The factors at play this year portend a difficult future and some say changes need to be made in policy and approach, not just from public officials, but all who choose to call the West home.

Bone dry

A drought report by the Natural Resources Conservation Service said the West is "bone dry," with more than half the top soil in Utah and Wyoming short or very short of moisture, and that's far better than states like Colorado at 90 percent and New Mexico at 93 percent dryness.

The recipe that produced this relentless and early fire season has been fine-tuned over the past two years because of how much snow and rain fell — or did not fall — in the winter and spring seasons.

This past year's snowpack in the lower Rocky Mountain Region was abysmal, followed by a hot dry spring that brought the snow runoff season to an end a month earlier than usual.

"This year, we have not had rain since the snow melted off," said Brian Uriona, hydrologist with the NRCS' Snow Survey in Salt Lake City. He said when June's numbers for measurable precipitation are tallied, they will be "ridiculously low."

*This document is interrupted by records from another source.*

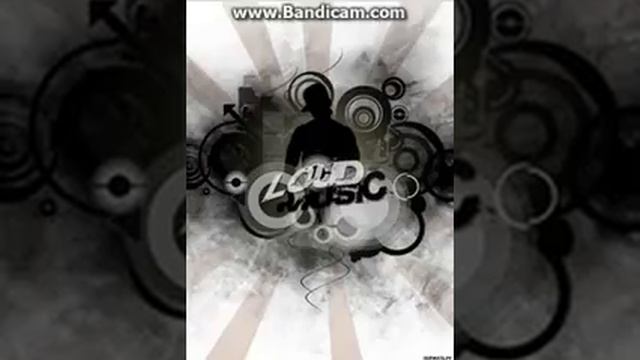 Долбит соседей – НА ВСЕ 100% [SB] смотреть онлайн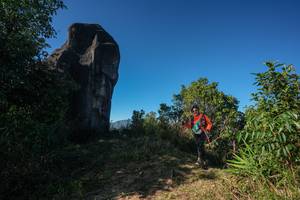 BIB: 
                            <button type="button" onclick="openModal(26592151)" class="btn btn-primary btn-sm float-right btn-popup" data-toggle="modal" data-target=".modal-high-quality">
                        <i class="fas fa-shopping-cart"></i> Add to Cart
                    </button>
                                            <button type="button" onclick="isThisMe(26592151, true)" class="btn btn-success btn-sm float-right btn-popup btn-isme hidden" data-toggle="tooltip" data-placement="bottom" title="นี่คือรูปของคุณใช่ไหม คลิกที่นี่เพื่อเอาเข้าอัลบั้ม">
                        <i class="fas fa-plus"></i> Add to album
                    </button>
                    <button type="button" onclick="isThisMe(26592151, false)" class="btn btn-warning btn-sm float-right btn-popup btn-isnotme hidden">
                        <i class="fas fa-ban"></i> Remove from album
                    </button>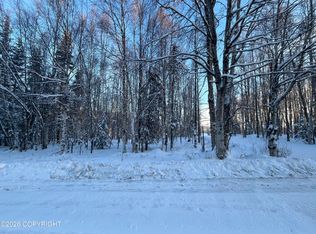 0 Shay Lynn Cir, Soldotna, AK 99669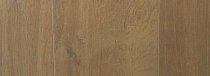 Sàn gỗ QUICKSTEP IMU1855
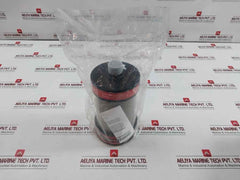 Desiccant Breather Bd-400X2W0.0 Hydac
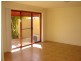 Unit 03 8 Woody Views Way, Robina QLD 4226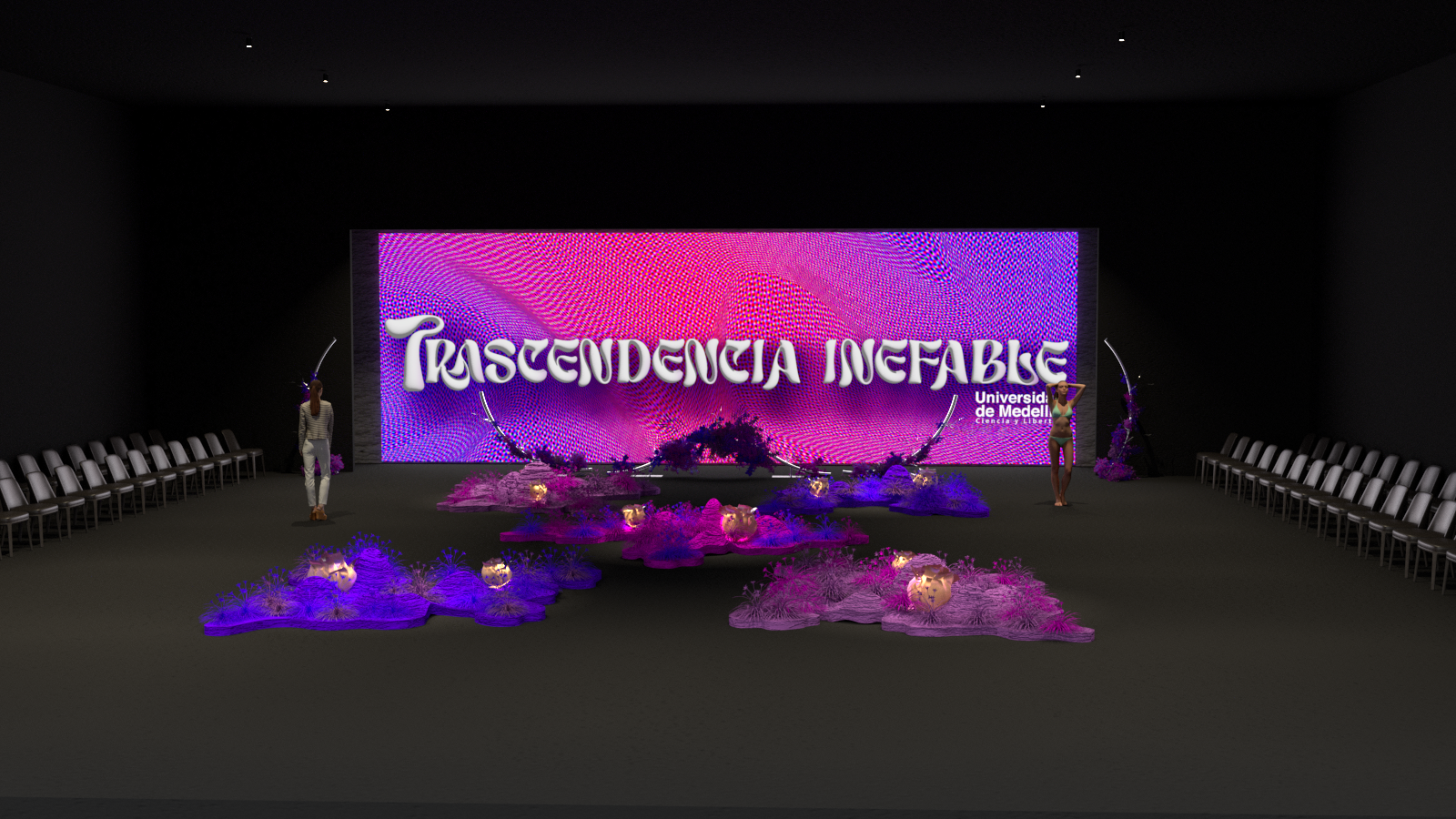 Propuesta Pasarela Colombiamoda 2023 UdeM-0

It was a far different situation the year before. Record-breaking snowpack and a runoff delayed in Utah well into July. Such lush conditions over the summer of 2011 led to a proliferation of "fuel" for fires — tall fields of cheat grass and other foliage that was given ample time to turn dry this year.

Brian McInerney, hydrologist with the National Weather Service in Salt Lake City, said people tend to forget, it's been hot before, it's been dry before. But what is causing eyebrows to raise is the extreme variation from one year to the next.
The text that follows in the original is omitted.